Exercise instructions:
Your answer should be the full data, transcribed exactly, with no pictures in it.

Crawled caption data:
· · · · ·

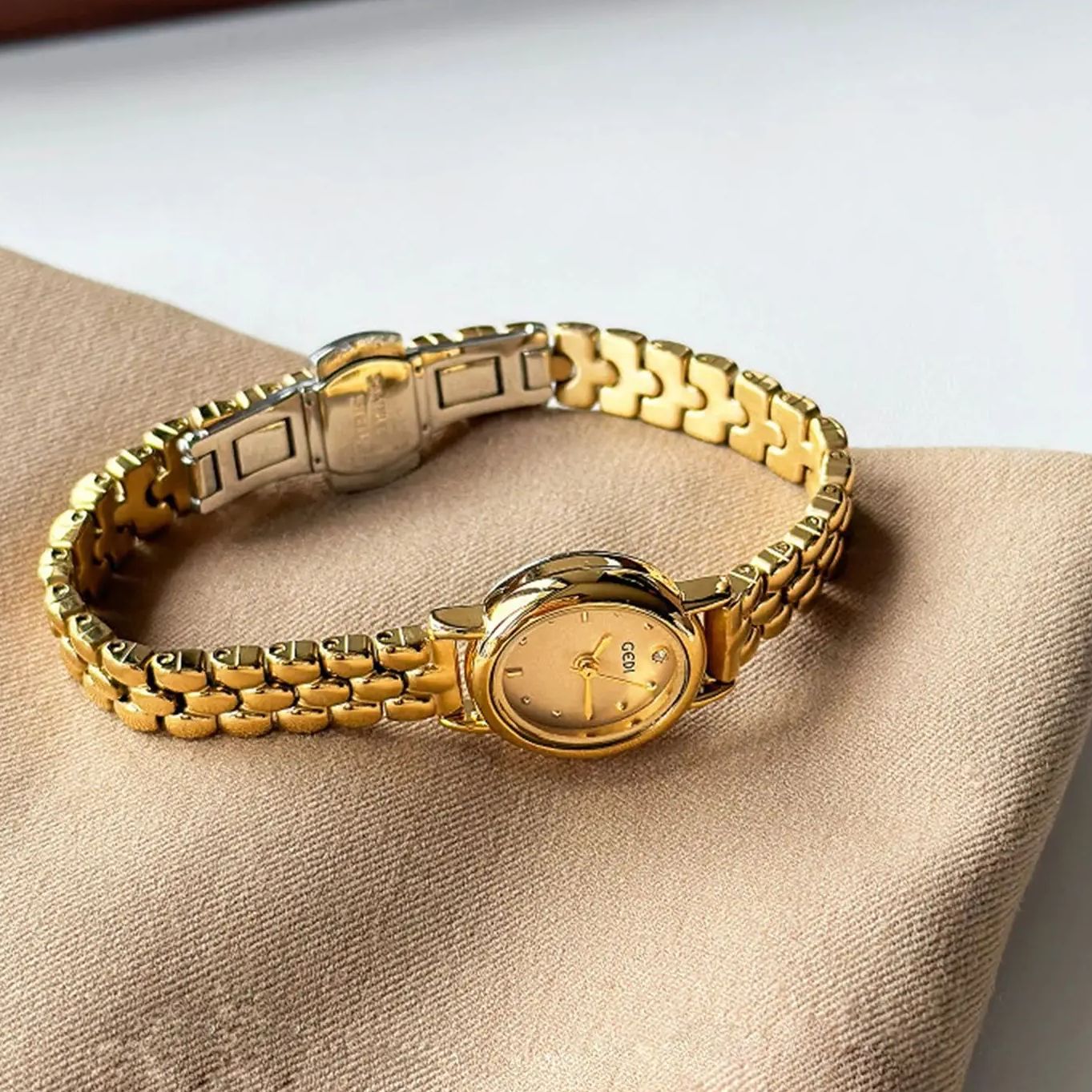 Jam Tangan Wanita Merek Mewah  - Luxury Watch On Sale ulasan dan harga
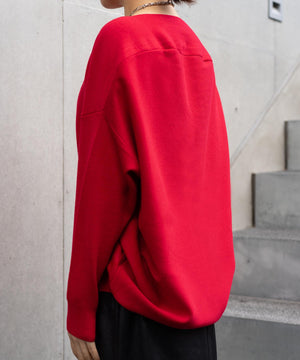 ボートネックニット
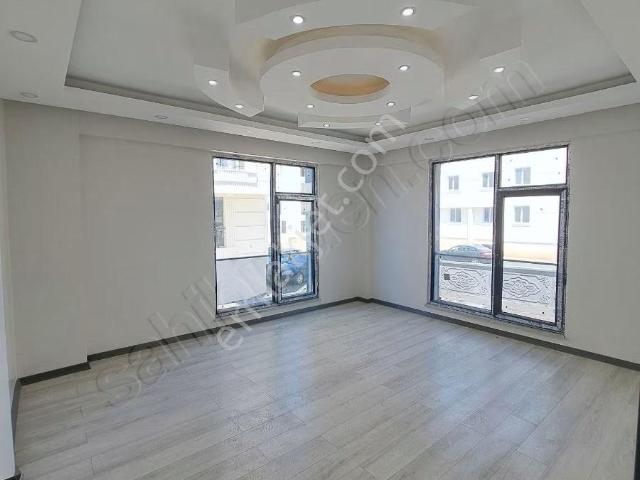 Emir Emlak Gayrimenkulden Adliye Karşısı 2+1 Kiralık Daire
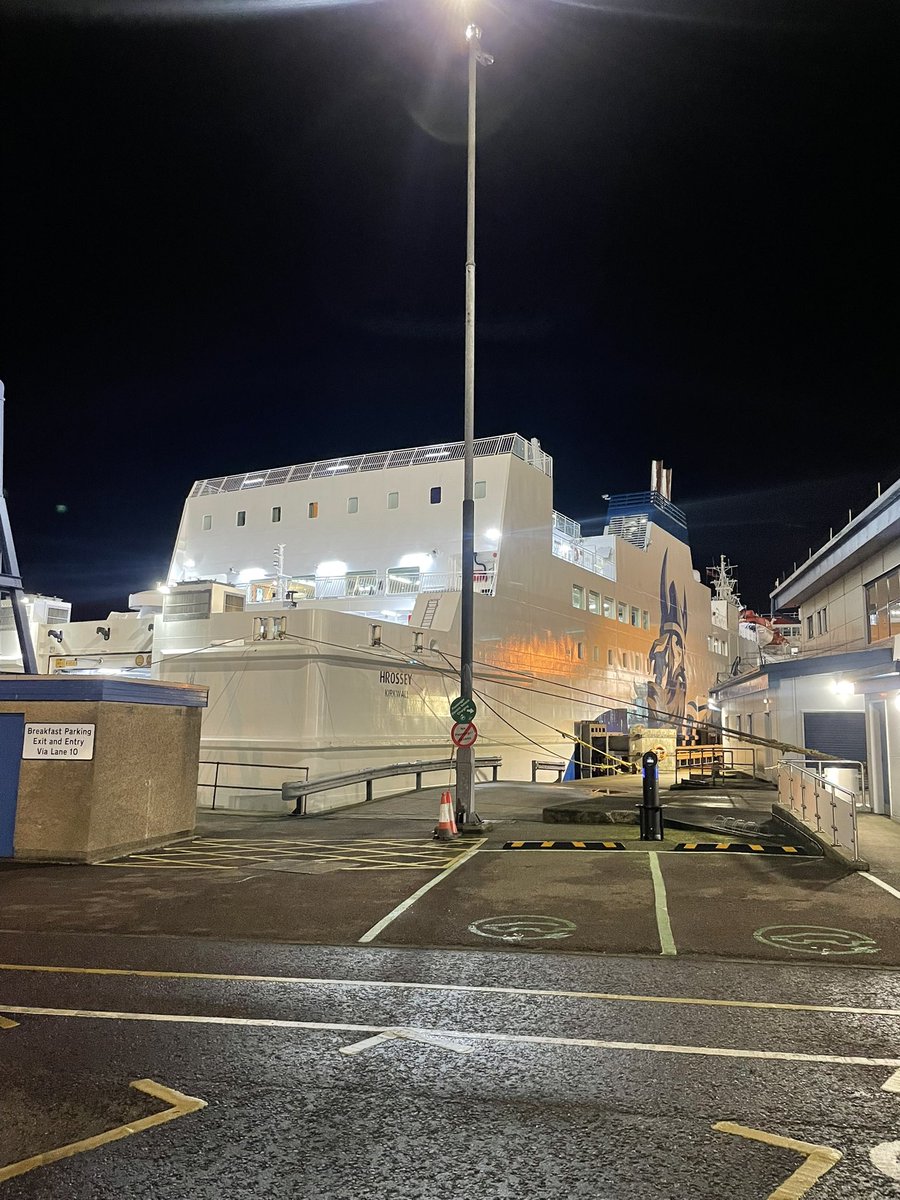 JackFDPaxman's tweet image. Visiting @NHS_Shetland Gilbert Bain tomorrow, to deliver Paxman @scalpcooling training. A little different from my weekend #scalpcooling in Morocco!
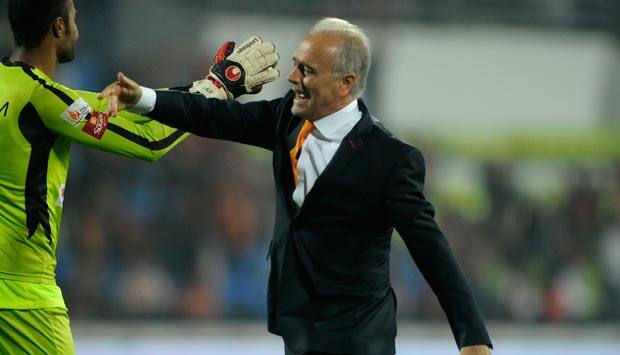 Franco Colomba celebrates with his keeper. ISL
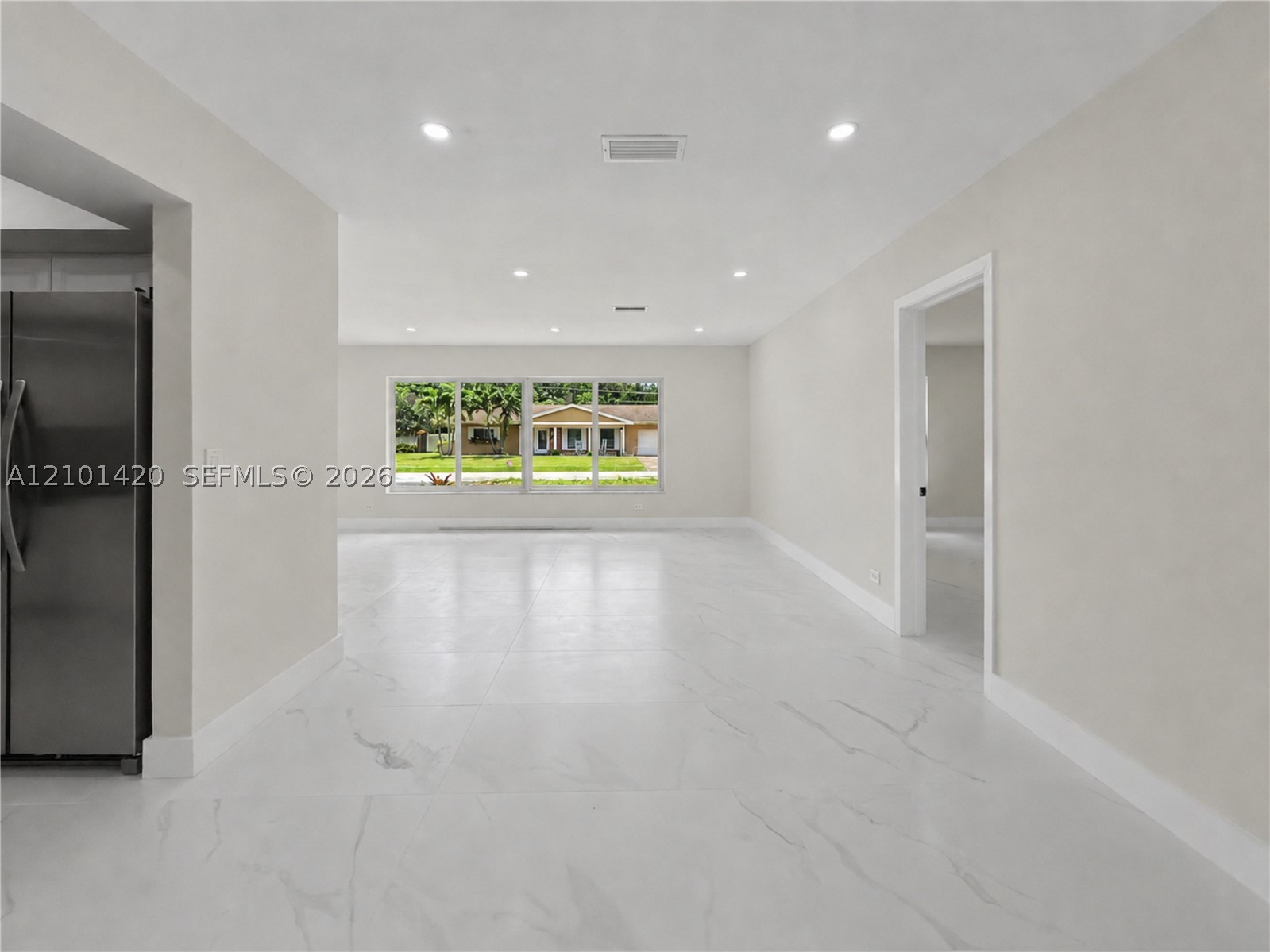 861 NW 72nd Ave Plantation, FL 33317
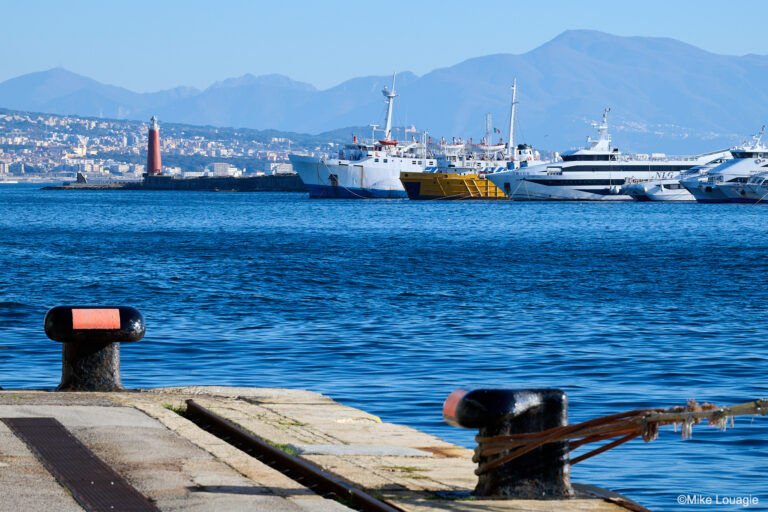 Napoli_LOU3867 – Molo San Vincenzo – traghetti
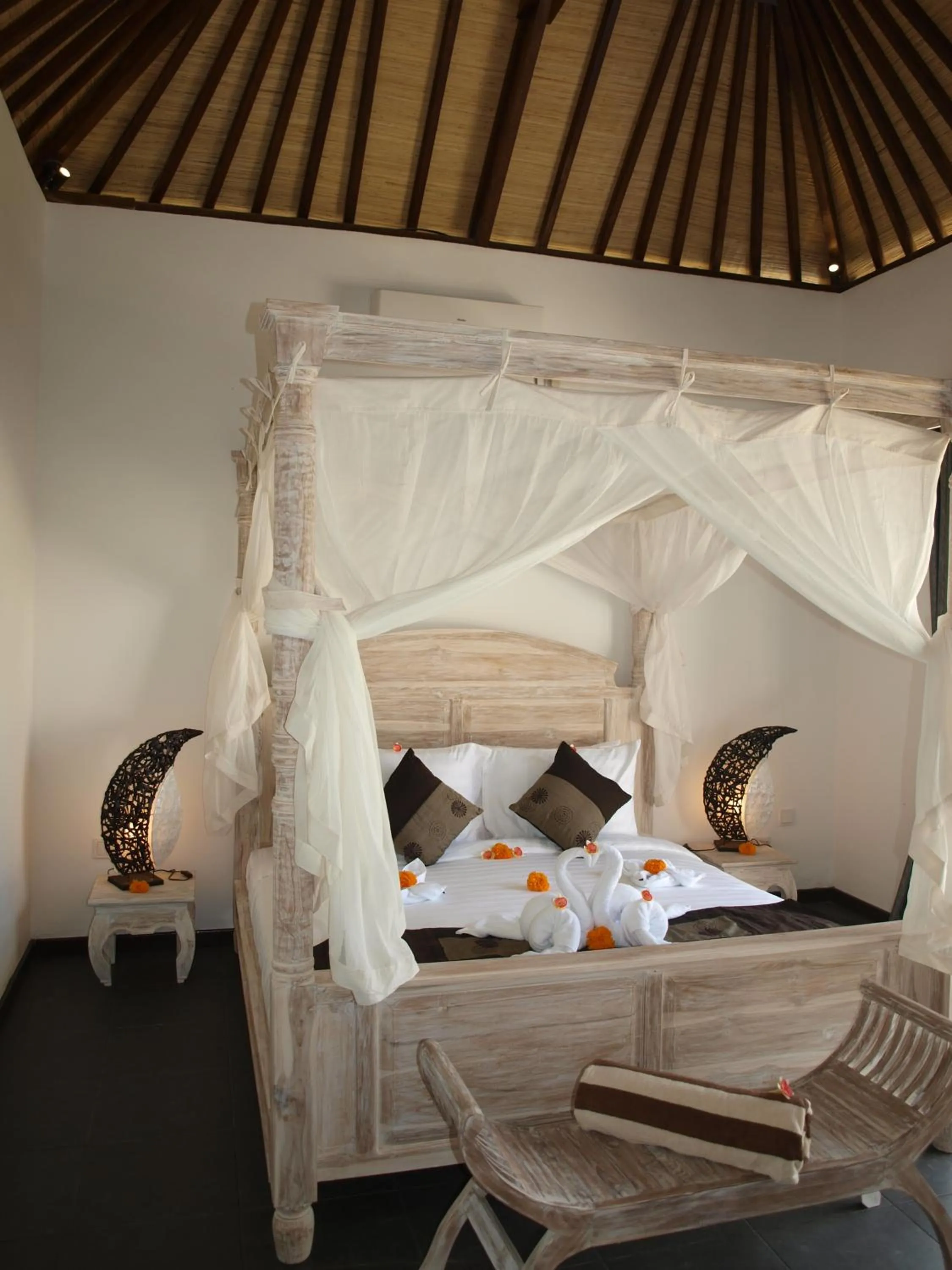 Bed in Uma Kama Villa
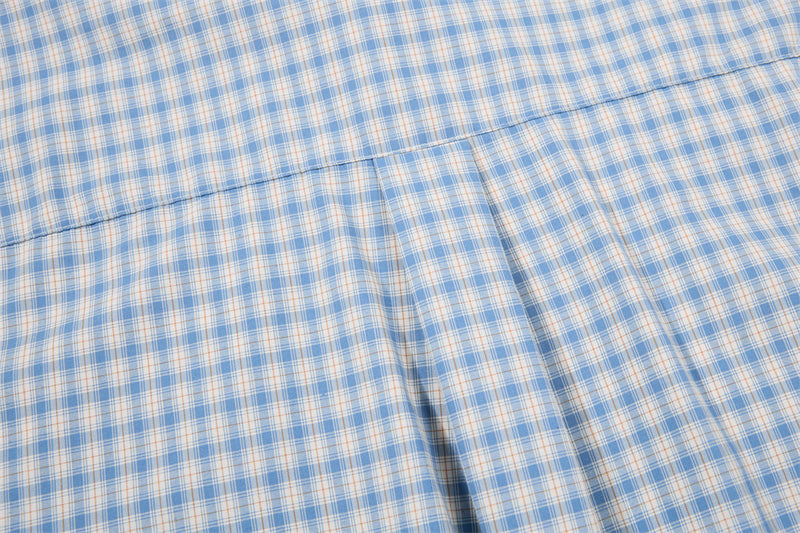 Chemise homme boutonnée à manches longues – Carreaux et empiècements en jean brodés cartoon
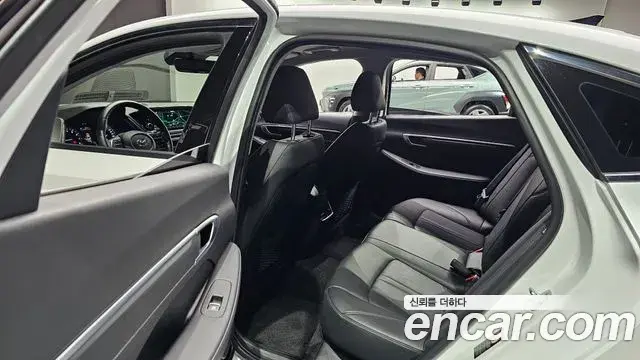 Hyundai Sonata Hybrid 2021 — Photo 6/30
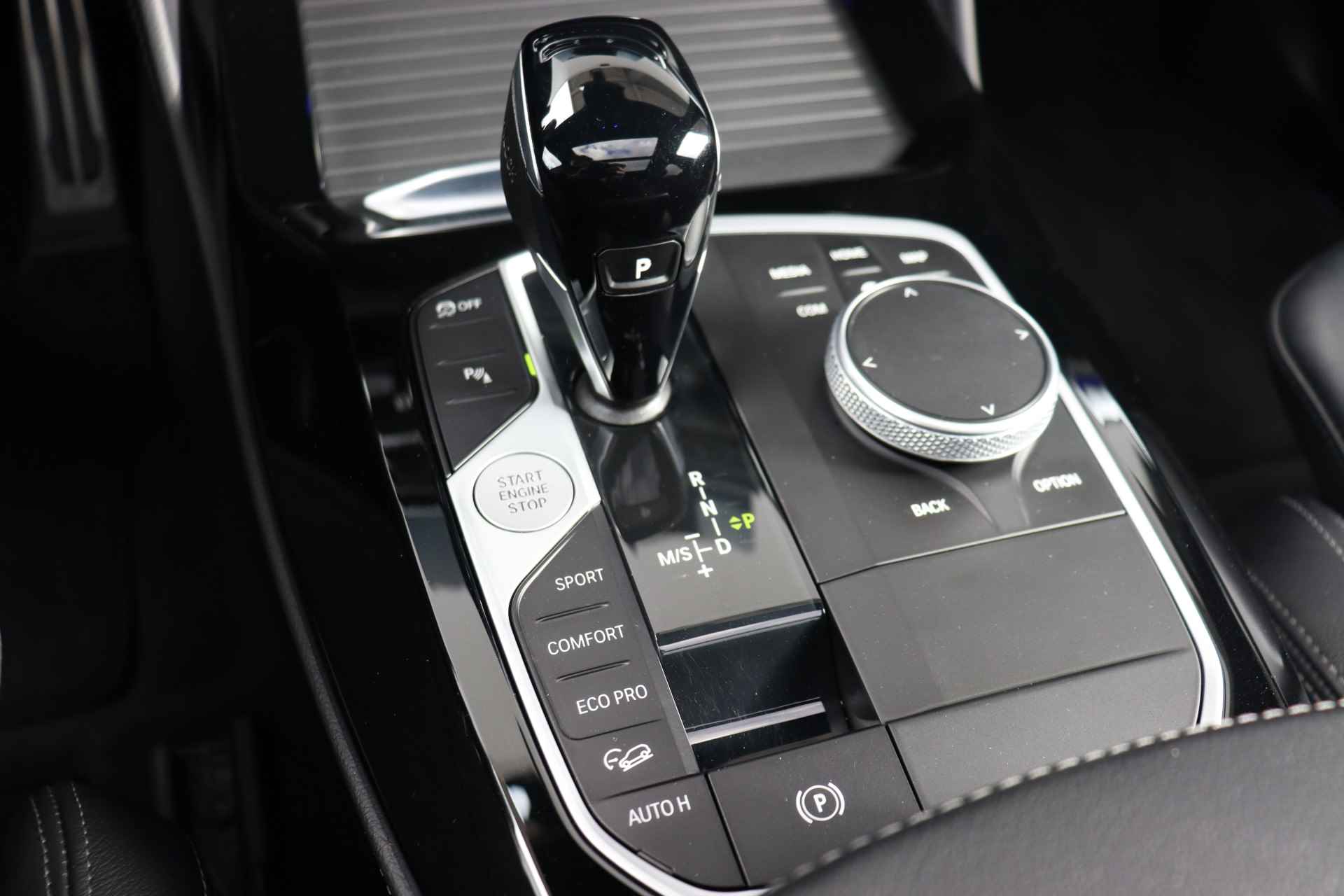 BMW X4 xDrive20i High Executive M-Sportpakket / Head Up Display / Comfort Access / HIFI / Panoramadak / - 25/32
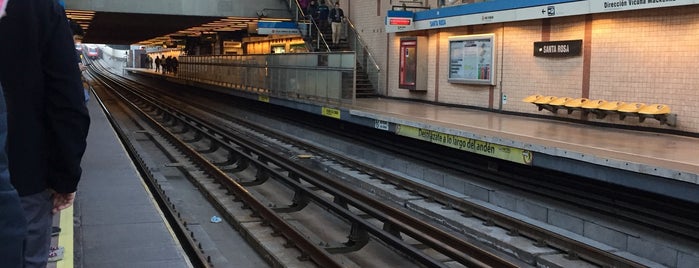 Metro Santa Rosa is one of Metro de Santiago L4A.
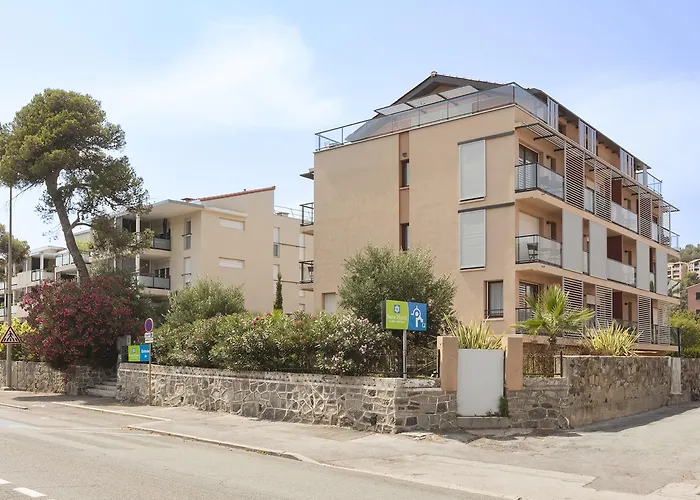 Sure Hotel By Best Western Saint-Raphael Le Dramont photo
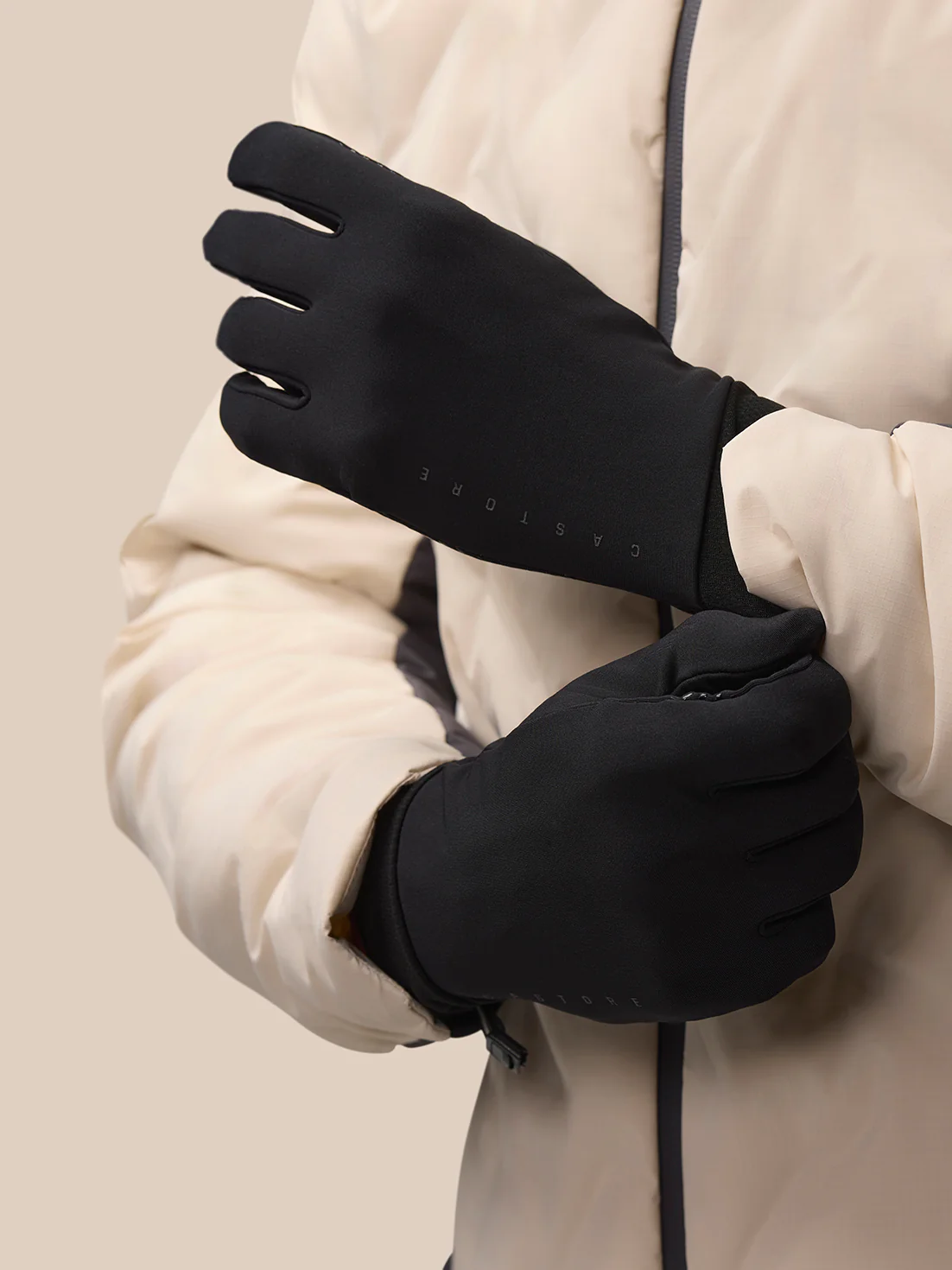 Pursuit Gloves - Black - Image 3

· · · · ·

Exercise solution:
 Jam Tangan Wanita Merek Mewah  - Luxury Watch On Sale ulasan dan harga
 ボートネックニット
 Emir Emlak Gayrimenkulden Adliye Karşısı 2+1 Kiralık Daire
 JackFDPaxman's tweet image. Visiting @NHS_Shetland Gilbert Bain tomorrow, to deliver Paxman @scalpcooling training. A little different from my weekend #scalpcooling in Morocco!
 Franco Colomba celebrates with his keeper. ISL
 861 NW 72nd Ave Plantation, FL 33317
 Napoli_LOU3867 – Molo San Vincenzo – traghetti
 Bed in Uma Kama Villa
 Chemise homme boutonnée à manches longues – Carreaux et empiècements en jean brodés cartoon
 Hyundai Sonata Hybrid 2021 — Photo 6/30
 BMW X4 xDrive20i High Executive M-Sportpakket / Head Up Display / Comfort Access / HIFI / Panoramadak / - 25/32
 Metro Santa Rosa is one of Metro de Santiago L4A.
 Sure Hotel By Best Western Saint-Raphael Le Dramont photo
 Pursuit Gloves - Black - Image 3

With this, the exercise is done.